On 5/22/2024 1:37 PM, Oscar Salvador wrote:
On Tue, May 21, 2024 at 05:54:27PM -0600, Jane Chu wrote:
Added two explicit MF_MSG messages describing failure in get_hwpoison_page.
Attemped to document the definition of various action names, and made a few
adjustment to the action_result() calls.
Signed-off-by: Jane Chu <jane.chu@xxxxxxxxxx>
This looks much better, thanks:
Reviewed-by: Oscar Salvador <osalvador@xxxxxxx>
By the way, I was checking the block in memory_failure() that handles
refcount=0 pages, concretely the piece of code that handles buddy pages.
In there, if we fail to take the page off the buddy lists, we return
MF_FAILED, but I really think we should be returning MF_IGNORED.
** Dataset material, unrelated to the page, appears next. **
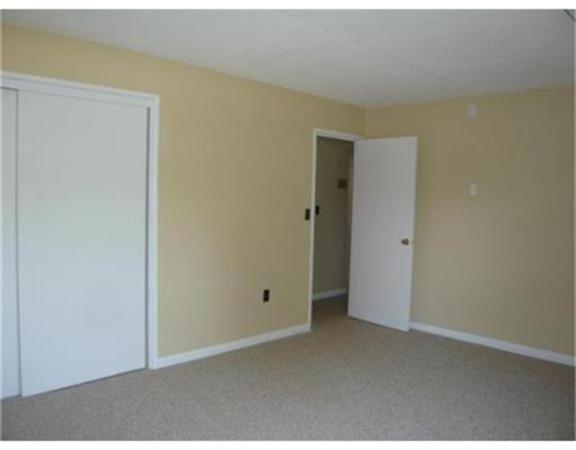 28 Faxon Street, Unit 4 Stoughton, MA 02072 - Photo 6 of 7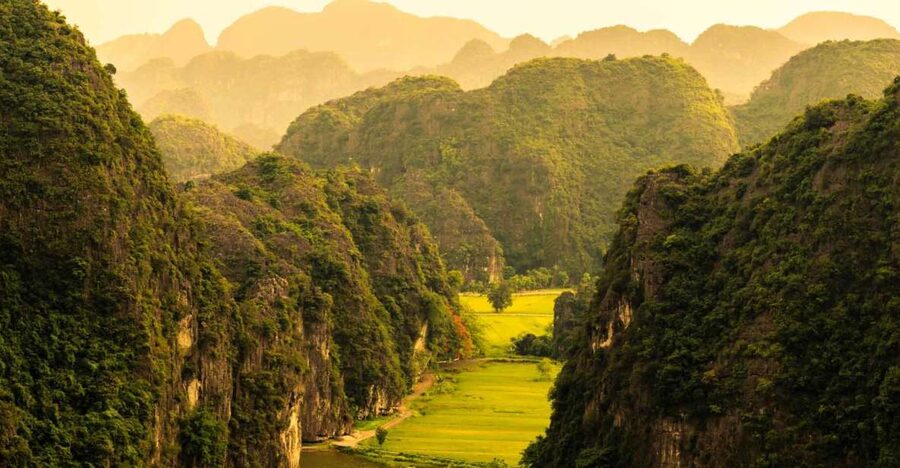 From Hanoi: 2-Day Ninh Binh Tour with Accommodation & Meals - Mua Cave and the climb up Ngoa Long Mountain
I guess you mean this code -
if (has_extra_refcount(ps, p, false))
ret = MF_FAILED;
?
It appears in below code paths-
hwpoison_user_mappings
identify_page_state
me_huge_page || me_swapcache_dirty || me_swapcache_clean
for LRU pages.
And for non-LRU
if (!folio_test_lru(folio) && !folio_test_writeback(folio))
goto identify_page_state;
My hunch is that the most common calling path would be:
hwpoison_user_mappings has unmapped the page, then identify_page_state
is called, but for some reason failed to take the page off the LRU. The
m-f() handler has isolated the page to avoid further MCE, so I think in
general return MF_FAILED is okay.
That said, the line is not always clear, for example in the non-LRU
case, where the m-f() handler may have done only a little, I guess I
just need to let the case rest.
thanks,
-jane
Thoughts?